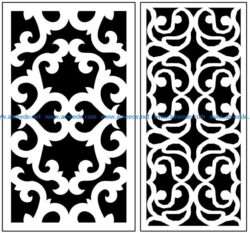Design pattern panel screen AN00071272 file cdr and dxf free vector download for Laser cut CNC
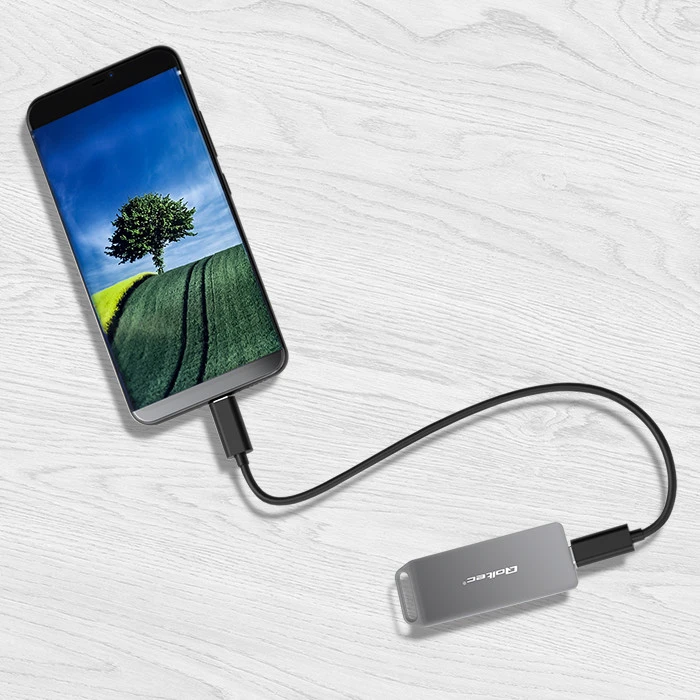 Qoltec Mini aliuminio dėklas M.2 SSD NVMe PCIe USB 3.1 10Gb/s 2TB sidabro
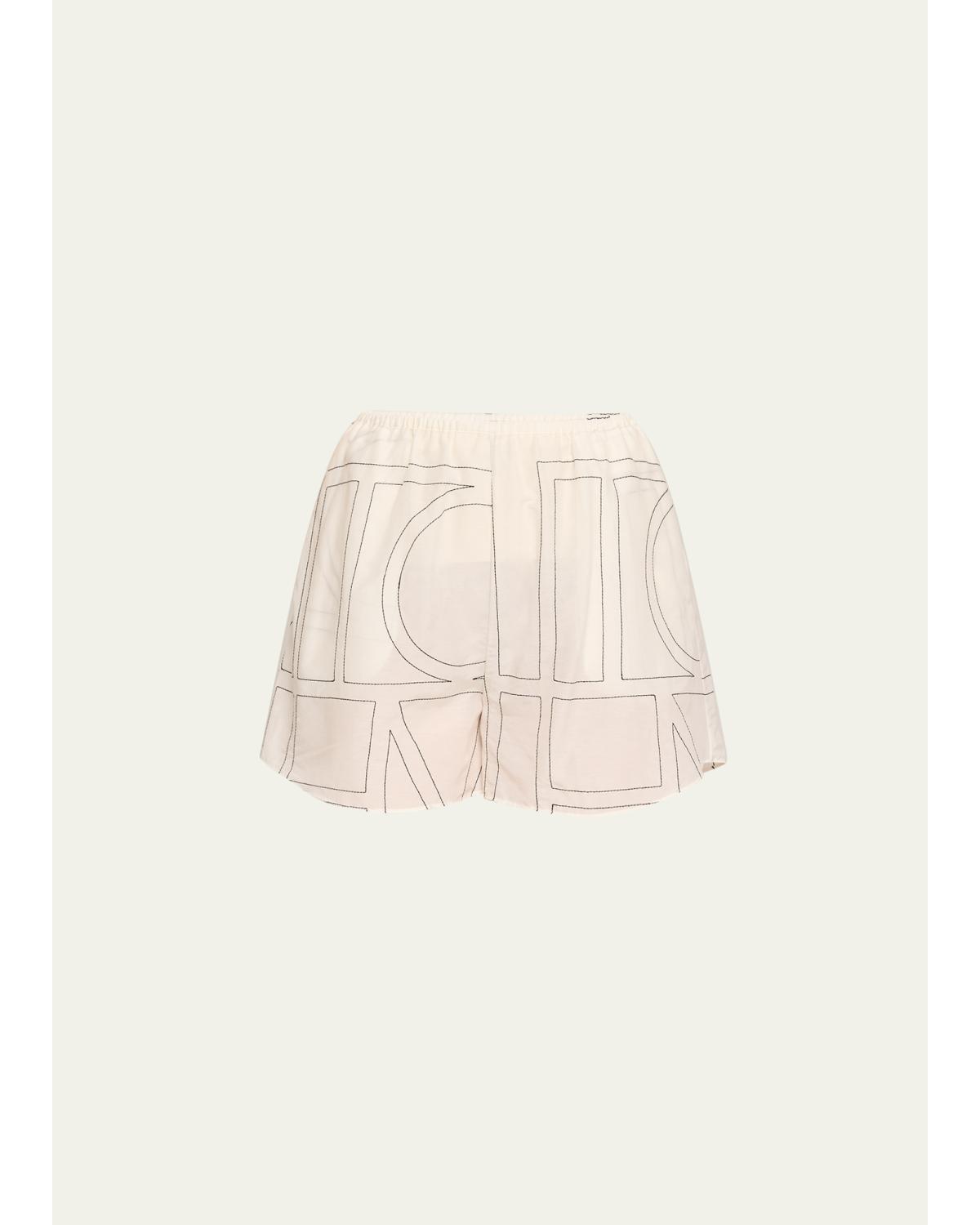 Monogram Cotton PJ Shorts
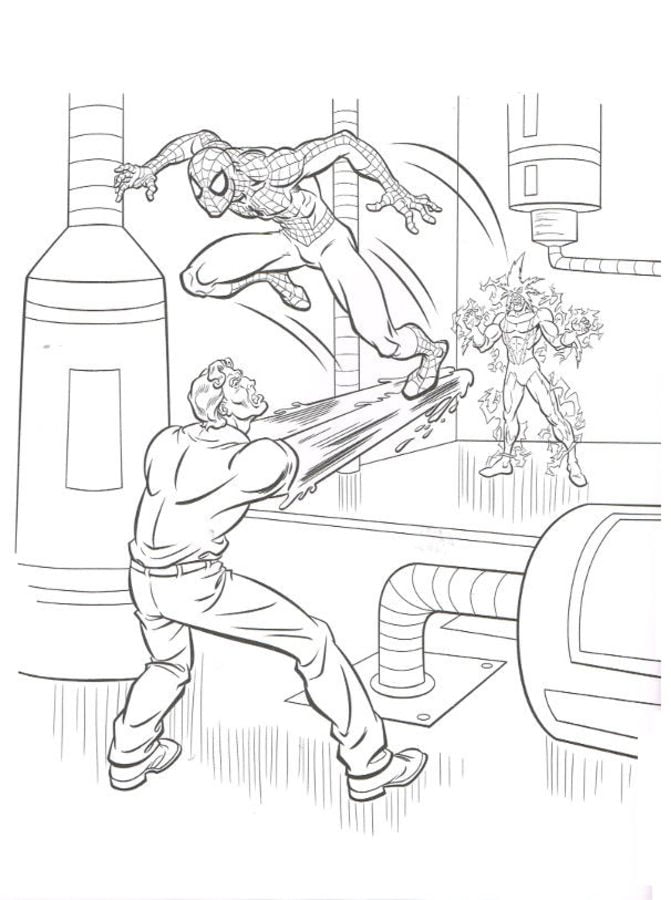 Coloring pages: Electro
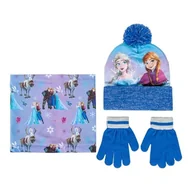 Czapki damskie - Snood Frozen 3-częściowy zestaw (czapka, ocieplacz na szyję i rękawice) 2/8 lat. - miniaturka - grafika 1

--- --- ---

Your task is an exact printout of the records above, with no pictures.

Design pattern panel screen AN00071272 file cdr and dxf free vector download for Laser cut CNC
 Qoltec Mini aliuminio dėklas M.2 SSD NVMe PCIe USB 3.1 10Gb/s 2TB sidabro
 Monogram Cotton PJ Shorts
 Coloring pages: Electro
 Czapki damskie - Snood Frozen 3-częściowy zestaw (czapka, ocieplacz na szyję i rękawice) 2/8 lat. - miniaturka - grafika 1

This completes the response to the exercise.